# "It is better to stay at home and read God's Word" - A.W. Pink



## InSlaveryToChrist (Jul 27, 2011)

(Arthur Pink, "A Call to Separation")

"Do not be yoked together with unbelievers. For what do righteousness and wickedness have in common? Or what fellowship can light have with darkness? What harmony is there between Christ and the Devil? What does a believer have in common with an unbeliever? What agreement is there between the temple of God and idols?" 2 Corinthians 6:14-16

This command is so plain, that it requires no interpreter.
Righteousness--and wickedness; 
light--and darkness; 
Christ--and the Devil; 
God's temple--and idols. 
What do they have in common? 

This is a call to godly separation. This passage gives utterance to a Divine exhortation for those belonging to Christ--to hold aloof from all intimate associations with the ungodly.

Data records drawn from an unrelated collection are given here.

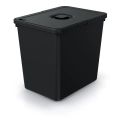 SYSTEMA BASIC FLAP černý odpadkový koš s víkem 23 l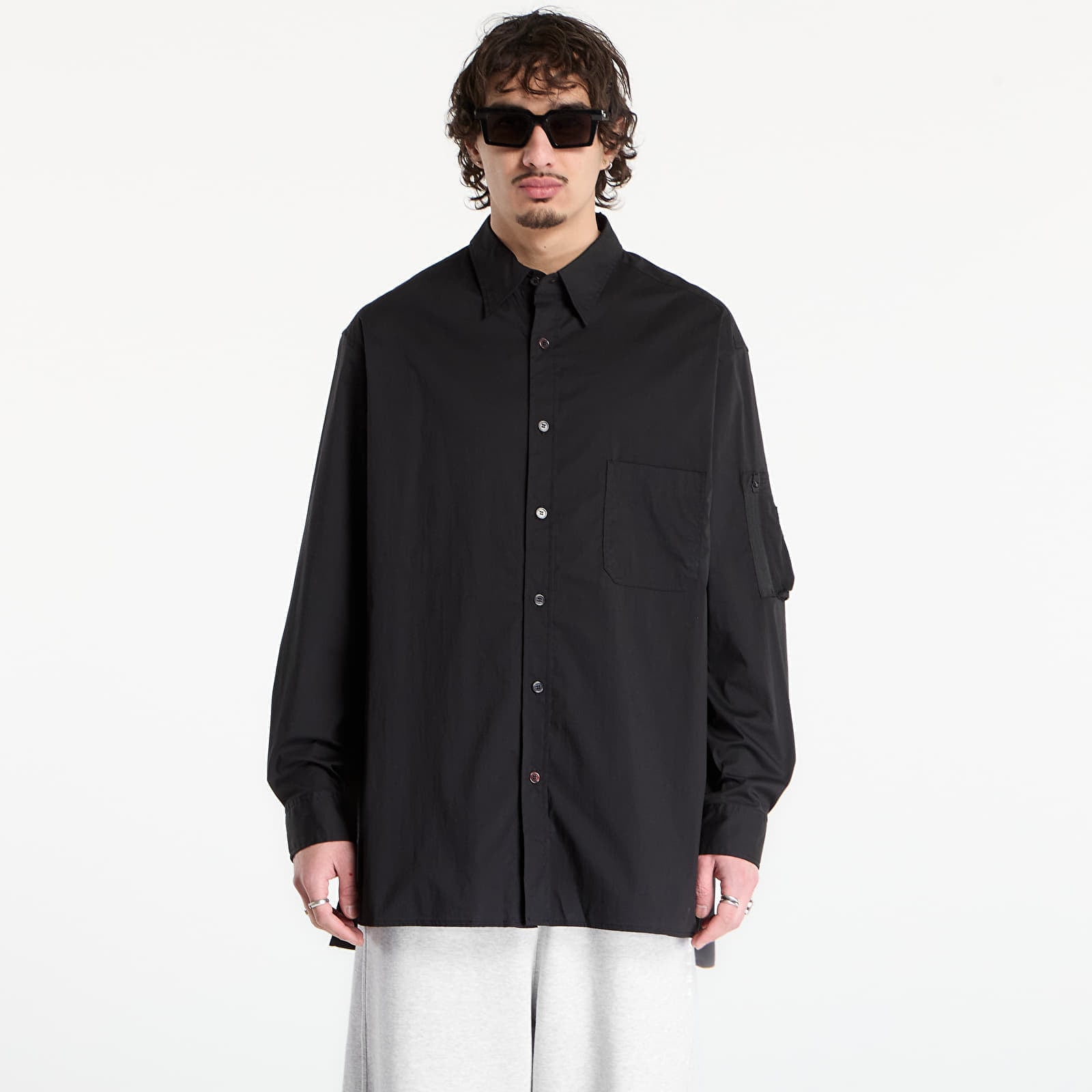 Cămașă Y-3 Cotton Long Sleeve Shirt Black L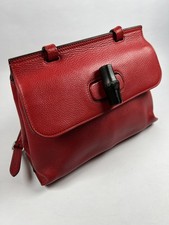 Gucci Red Leather Bamboo Daily
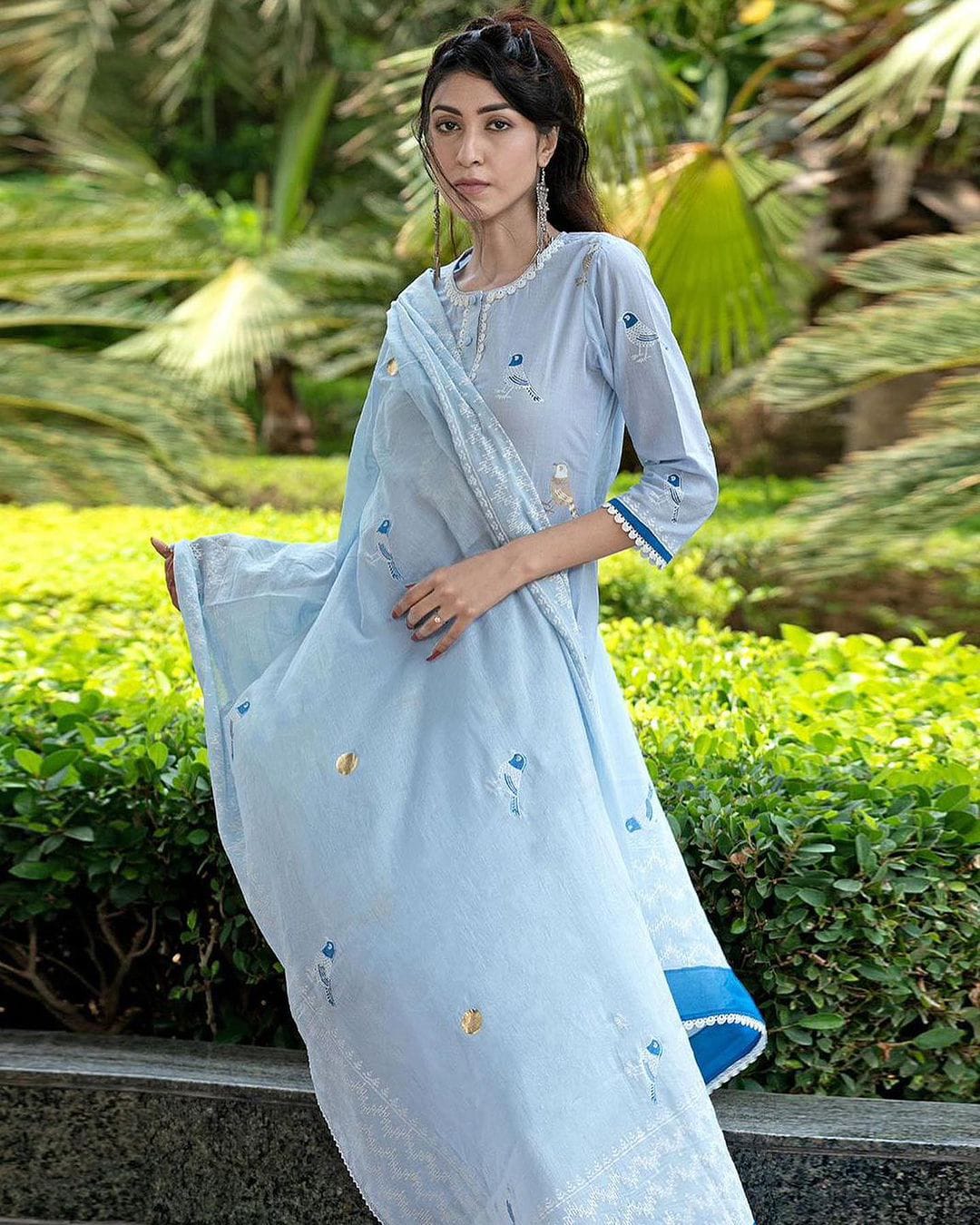 Bird Printed Sky Blue Cotton Kurta and Pant Set with Dupatta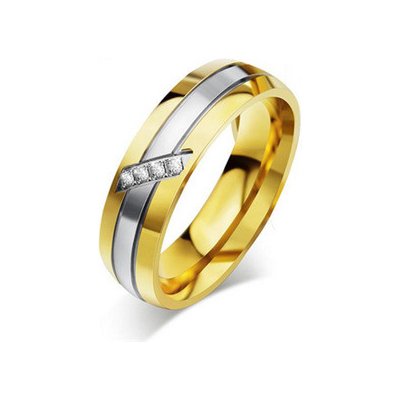 Šperky4U Ocelový prsten se zirkony OPR0055-D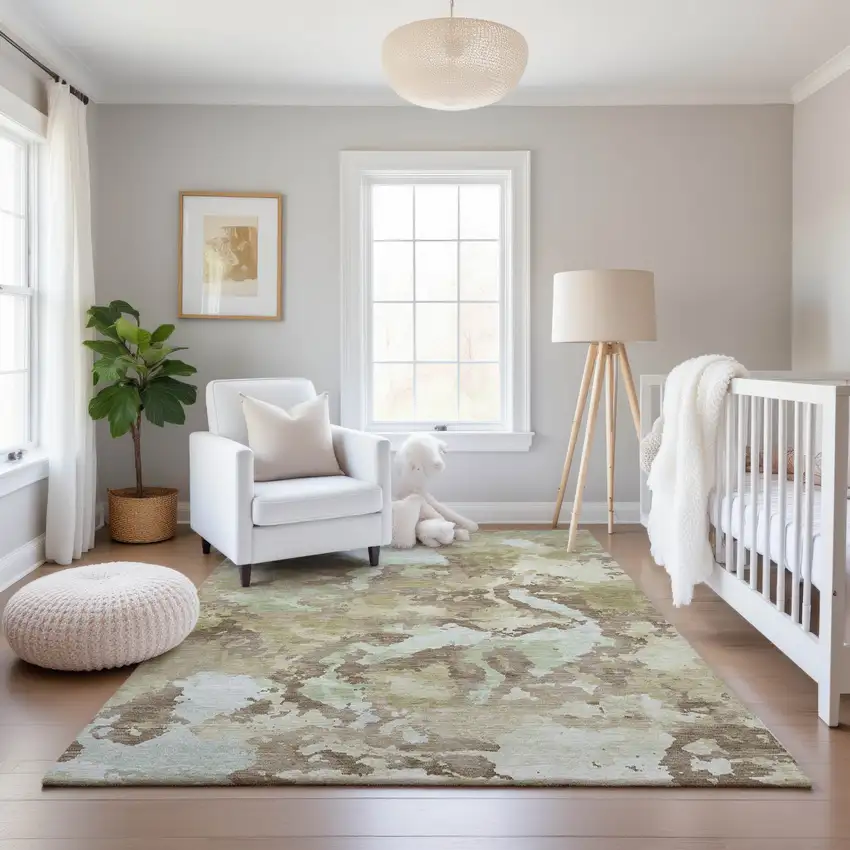 Taupe Ivory And Beige Abstract Washable Area Rug With UV Protection Photo 5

It expressly forbids them entering into alliances with the unconverted. It definitely prohibits the children of God walking arm-in-arm with worldlings. It is an admonition applying to every phase and department of our lives--religious, domestic, social, commercial. And never, perhaps, was there a time when it more needed pressing on Christians, than now. The days in which we are living are marked by the spirit of compromise. On every side we behold unholy mixtures, ungodly alliances, and unequal yokes. Many professing Christians appear to be trying how near to the world they may walk--and yet go to Heaven!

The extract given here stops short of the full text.